Tagged: Ribs

Simply Boiled Ribs – Nothing Ordinary About It!

Simplicity is quite often the best recipe. I love this recipe, even though I can hardly call it a recipe. It’s super simple and quick, and you will be making it over and over. Great for kids and adults! I heard on the radio one of the local grocery stores is having pork spare ribs on sale for 99 cent / lb. What a great deal! So, I went and got myself 2 slabs of meaty ribs, for 13 dollars! One slab went into the freezer for later, the other one is going onto my lunch table today, since I won’t have the kids for dinner.

I could only fit 4 ribs in this large bowl I got, but I have way more ribs in the pot on the stove. May not even need to refill the bowl.. These are so meaty and tender!

 

Ingredients:

1 slab of pork spare ribs, or baby back ribs, or rib cutlets, or even cubed meat… you get the idea, any cut of somewhat lean pork meat would do!

1 knob of ginger root, sliced to about 1/4 inch thickness

4 green onions, use the green part – yes green part, the part most recipes tell you to throw away. Save the whites for other recipes, we only need to borrow the flavor of the green onions, we are not eating it!

 

Sauce:

This, my friend, is the money-maker. I will tell you this one, as one of my top-secret recipes. Write it down, print it out, save it, book mark it, put it on your fridge.. do any of that. You will be making this over and over and over! Let me put it this way, I have not yet met a single person so far that is not obsessed with this sauce!

Kids version sauce:

1 tbsp light soy sauce

1/4 tsp dark vinegar, use Asian vinegar if you can find it

1 tsp sesame oil, this is very strong potent flavor, you can even use 1/2 tsp if you prefer. A little goes a long way!

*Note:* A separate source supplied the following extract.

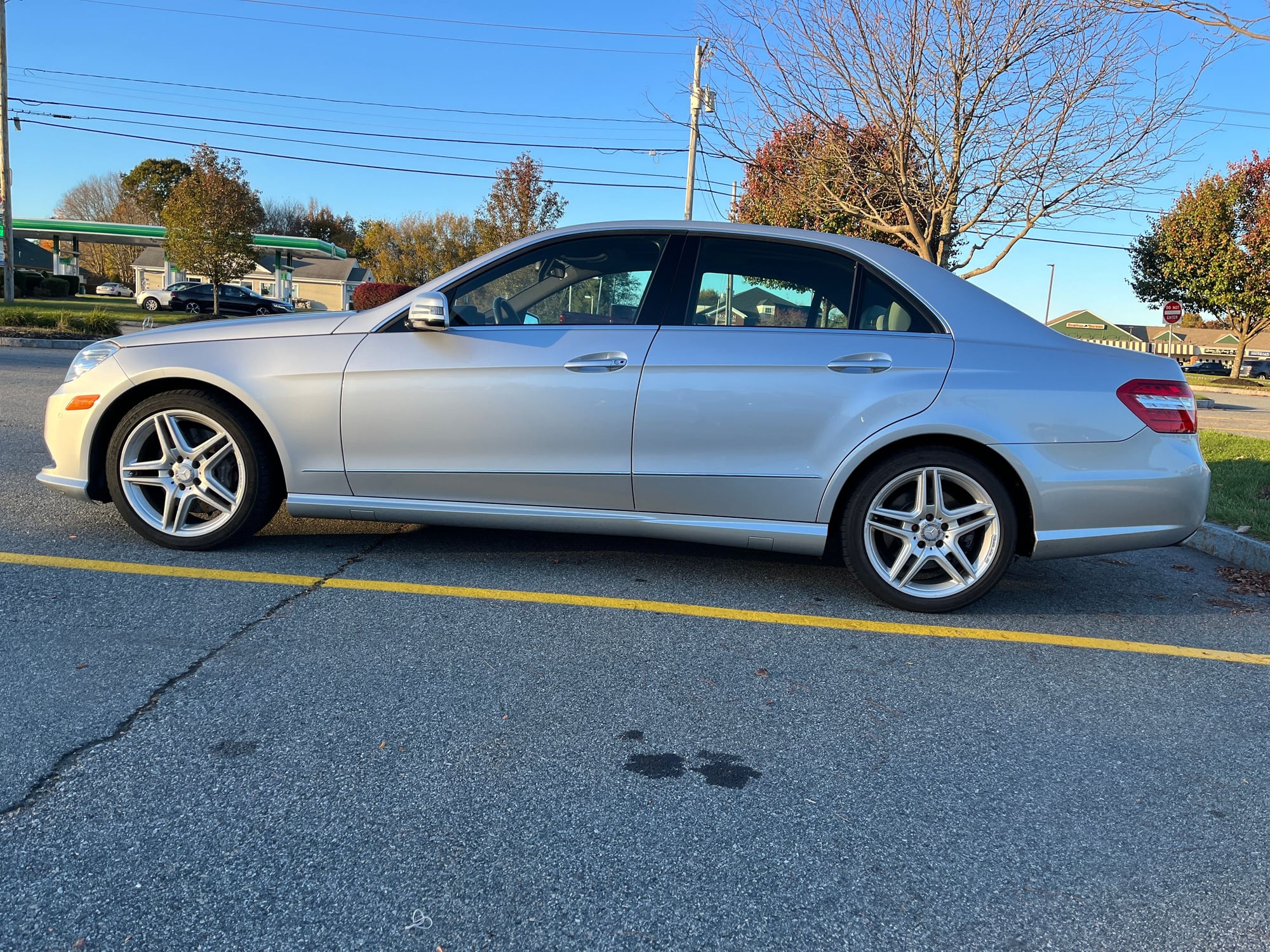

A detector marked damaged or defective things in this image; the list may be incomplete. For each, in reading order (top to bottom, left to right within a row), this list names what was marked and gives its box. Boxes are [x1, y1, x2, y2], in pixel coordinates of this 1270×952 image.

asphalt crack [1, 538, 396, 823]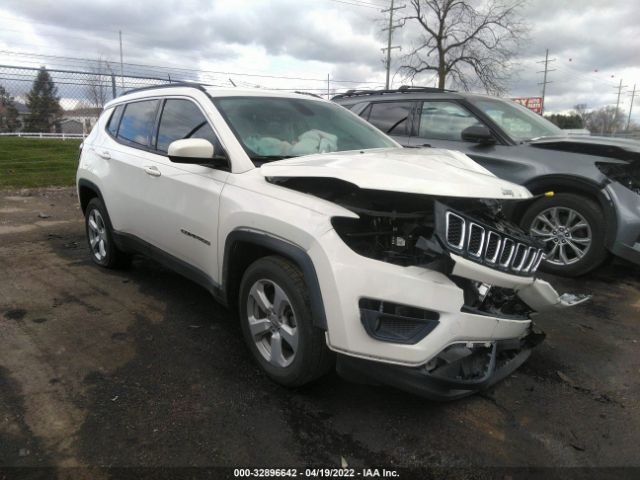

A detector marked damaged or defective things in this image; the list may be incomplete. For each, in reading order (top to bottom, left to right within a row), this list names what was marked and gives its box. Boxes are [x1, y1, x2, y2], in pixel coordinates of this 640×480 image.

crumpled hood [258, 146, 528, 199]
damaged front bumper [336, 326, 544, 402]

1/2 tsp powdered chicken bullion

Optional:

Remember the white part of the green onions? thinly slice it up and use about 1 tsp of it in the sauce for older kids, may be too strong for little kids

 

Adult version sauce:

All the above in kids version sauce, plus:

1 tsp hot chili oil (I have a family recipe, which is another greatest top-secret of my cooking, stay tuned!) store-bought is fine, but I find the flavor varies a lot. Find a brand you like and stick to that

1/4 tsp white sugar or honey. A little sweetness really balances out the spiciness of the chili oil

1 clove of garlic, finely minced, or grated

 

Method:

Slice between the bones of the ribs, and separate ribs. Put the ribs into a large pot and fill up with cold water. Slice up ginger root and throw into the pot. Fold the green part of the green onions and shove them into the water too. Put pot on stove, lid on, heat on high until water starts to boil. Lower heat to medium, skim off the impurities of the soup and discard. Leave the lid half on, so the water doesn’t over flow. Boil the ribs till tender, about 30 to 40 minutes. Take ribs out using a pair of tongs and place on a plate or in a shallow bowl.

Dip the ribs into the sauce and enjoy! Hint, make an individual dipping sauce bowl for everyone, you will for sure want to double dip!